This invention relates to a control method for deploying inflatable restraints in a vehicle crash event, and more particularly to a control method that utilizes fuzzy logic to determine the severity of the crash.
Vehicle inflatable restraint systems include one or more acceleration sensors, one or more restraint devices such as frontal or side air bags, and a signal processor for analyzing the acceleration signals and initiating deployment of the restraints if a detected crash is deemed to be sufficiently severe. In general, the acceleration signals are monitored to detect a potential crash event, and then integrated over the course of the detected event to produce a velocity change signal, which in turn can be used to gauge the crash severity; see, for example, U.S. Pat. No. 5,969,599 to Wessels et al. Frequently, numerous higher-order terms such as jerk or oscillation are also utilized to detect certain crash signal characteristics for either enabling or disabling deployment. When the severity measure crosses a deployment threshold (which may be fixed or variable), the restraints are deployed. If the restraints have multiple independently fired stages, multiple deployment thresholds may be used for determining which stages should be deployed; see, for example, U.S. Pat. No. 5,411,289 to Smith et al. Finally, another factor that is sometimes used in connection with restraint deployment involves predicting occupant movement due to the crash based on the measured acceleration signal; see, for example, U.S. Pat. No. 4,985,835 to Sterler et al. and 5,430,649 to Cashler et al.

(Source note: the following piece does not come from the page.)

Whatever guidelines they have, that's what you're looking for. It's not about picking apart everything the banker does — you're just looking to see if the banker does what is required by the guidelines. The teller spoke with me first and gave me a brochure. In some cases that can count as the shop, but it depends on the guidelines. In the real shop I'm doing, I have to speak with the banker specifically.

Unfortunately, the above-described deployment controls frequently do not bear a physically meaningful relationship to the crash data, and therefore tend to require a high degree of calibration effort, particularly in establishing the deployment thresholds. For this and other reasons, it has been proposed to utilize fuzzy logic control principles to control restraint deployment; see, for example, U.S. Pat. No. 5,673,365 to Basehore et al. In this approach, a small number of variables having relevance to the deployment decision are characterized in terms of fuzzy membership functions, and then logically combined based on a number of physically meaningful fuzzy rules and consolidated (de-fuzzified) to form a deploy/no-deploy decision. However, the combination and consolidation of various rules inherent in the fuzzy inference control complicates the process of calibrating the system to produce the correct deployment decision in response to a given set of input conditions. Accordingly, what is needed is a fuzzy logic deployment control having a more direct and user-friendly calibration process.
The present invention is directed to an improved fuzzy logic control for controlling the deployment of inflatable restraints in a vehicle in response to measured acceleration of the vehicle during a crash event, wherein the fuzzy logic control determines the crash severity, and a deployment control algorithm uses the determined crash severity to control deployment of individual stages of the restraints. In a preferred implementation, the crash severity is not determined until the measured acceleration and the corresponding change in velocity exceed respective thresholds, and a prediction of occupant movement due to the measured acceleration exceeds a threshold. Once the respective thresholds are exceeded, the fuzzy logic control is initiated to determine the crash severity, and the deployment control algorithm determines whether to deploy individual stages of the restraints based on the determined crash severity and the elapsed time of the crash event.